Diversity, Equity, & Inclusion
We create art, teach, learn, curate, research, write, and support all these activities with a shared commitment to generate a positive difference in society. We acknowledge that excellence and equity are natural products of embracing our diversity and learning from all of our different life experiences and points of view. Therefore, the Department of Art and Art History is committed to creating a caring and welcoming community that embraces diversity and empowers everyone to learn, work, and do their very best. Our community shares values that include belonging, acceptance, integrity, and a respect for a diversity of races, colors, gender identities and expressions, parental statuses, sexual orientations, religions, veteran status, physical abilities, economic backgrounds, body types, citizenship status, age, and/or nationalities. Our community rejects white supremacy, racism, xenophobia, homophobia, transphobia, and other dogmas of hate, intolerance, prejudice, and exclusion.
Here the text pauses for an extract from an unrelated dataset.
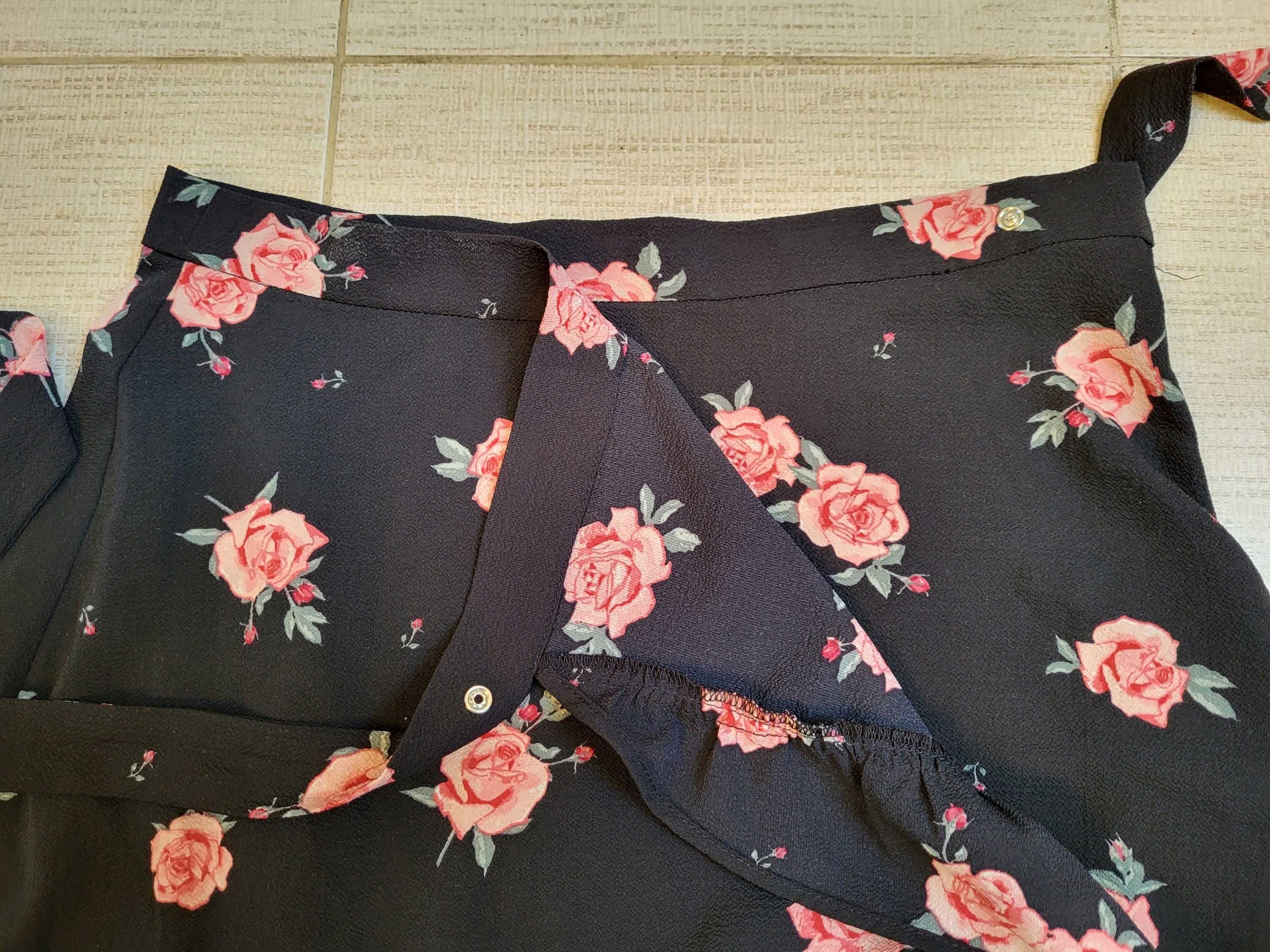 spódnica z falbaną w różyczki w hiszpańskim stylu H&M Divided 40/L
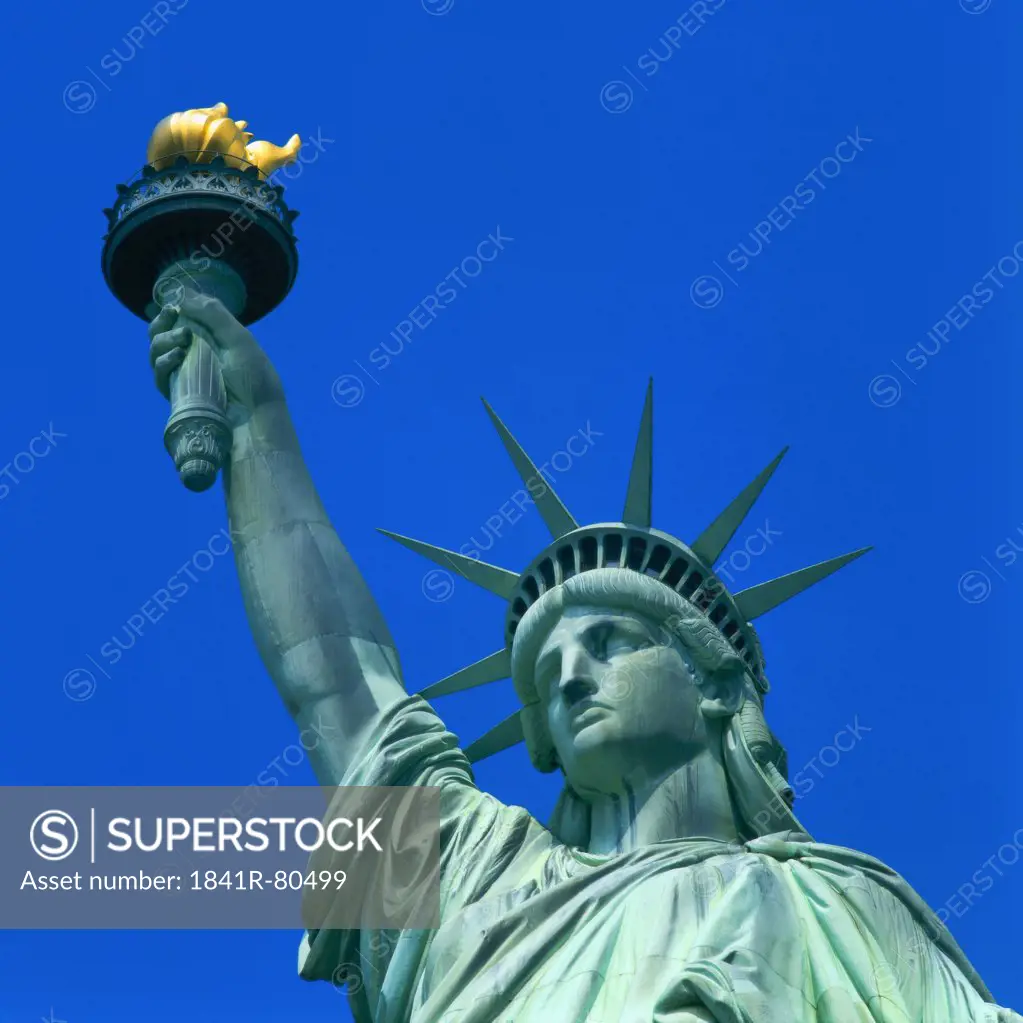 Low angle view of statue, Statue Of Liberty, Manhattan, New York City, New York State, USA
Because our past is an undeniable part of our present, we acknowledge and encourage reflection upon the fact that we inhabit the ancestral lands of the Chickasaw indigenous people, and we are keenly aware that we study and work at a campus founded on colonized land and was originally constructed using the labor of enslaved people. Our community of openness believes that many present inequities stem from our institution’s problematic history and its inequitable power paradigms, and we are committed to correcting them and the biases – implicit and explicit – that have been inherited from our past.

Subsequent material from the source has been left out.